In another effort to ensure key purchasing decisions are made in an unbiased manner, many companies have implemented a team approach that includes representatives from many different functions in the organization. The intended outcome of this approach is alignment across the company and a seamless implementation of the decisions reached by this group. This internal collaboration can be supported by aligned incentives for the participants on a team.
Another important dynamic is the involvement of members of senior management in purchasing decisions, up to and including the CEOs of multibillion-dollar drug development companies. In some cases this is prompted by corporate governance policies that require executive oversight of key financial decisions. The Sarbanes Oxley regulations are invoked with increased frequency to justify the position that start-up payments or deposits to suppliers are unacceptable because they allegedly represent payments for services that have not yet been rendered. This position places the burden on the supplier to provide evidence of the effort expended on behalf of the company at a very granular level.
The seemingly straightforward process of obtaining approval from key decision makers in both organizations and physically executing contracts has become more complex. As a result, both parties should agree on specific timelines and milestones and monitor them carefully to ensure they are achieved.
In the current environment of doing more with less, many companies have consolidated their purchasing organizations. They have done this primarily in three ways. First, some companies have aligned their outsourcing group with specific therapeutic areas. As cost pressures mount, several companies have eliminated this redundant structure and consolidated the outsourcing function into one organization that is responsible for all therapeutic areas.
Second, several companies are assessing the disparate processes employed between the United States and Europe. Given the mergers and integrations of many U.S.- and EU-based companies, a fair amount of redundancy still exists across the purchasing function. In some cases, contract templates from one side of the Atlantic can be completely different from the other. The need for translations and compliance with applicable country specific laws aside, a provider cannot only become confused, but miss an opportunity to provide services for a particular project altogether.

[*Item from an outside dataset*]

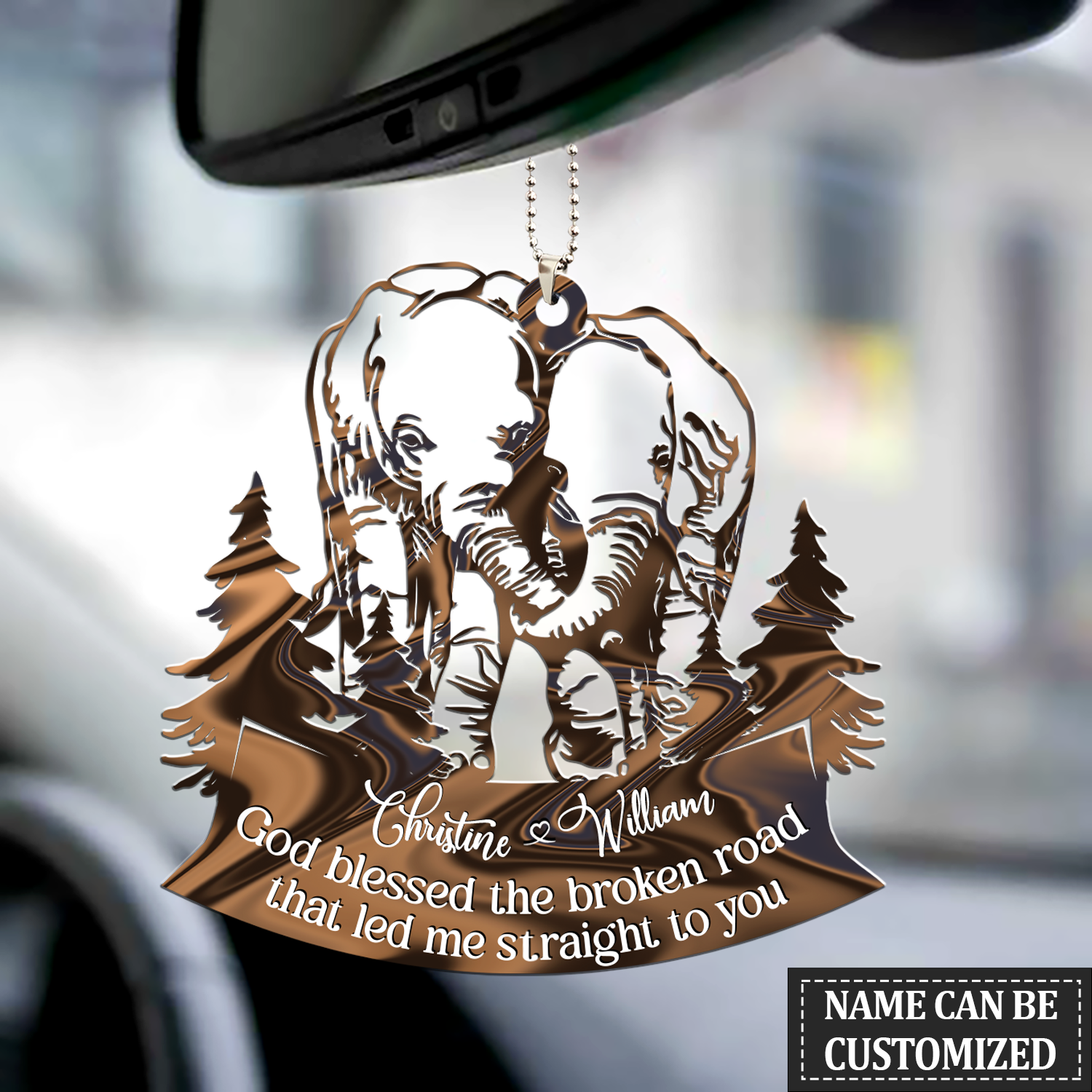 Elephants In Forest God Blessed Personalized Ornament, Premium 2-Sided Mica Car Hanging Ornament , Best Mother’S Day Gift Ideas, Personalized Mother’S Day Gift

Finally, cost constraints in some companies have prompted a consolidation of purchasing for a broad range of services. While one department may have focused on ancillary providers and another on strategic CRO relationships, the staffs have had to expand their knowledge base to include many more services with which they may not be familiar. In some cases, the outsourcing groups have been faced with workforce reductions at the same time, making it very difficult to take on the extra burden of these increased responsibilities.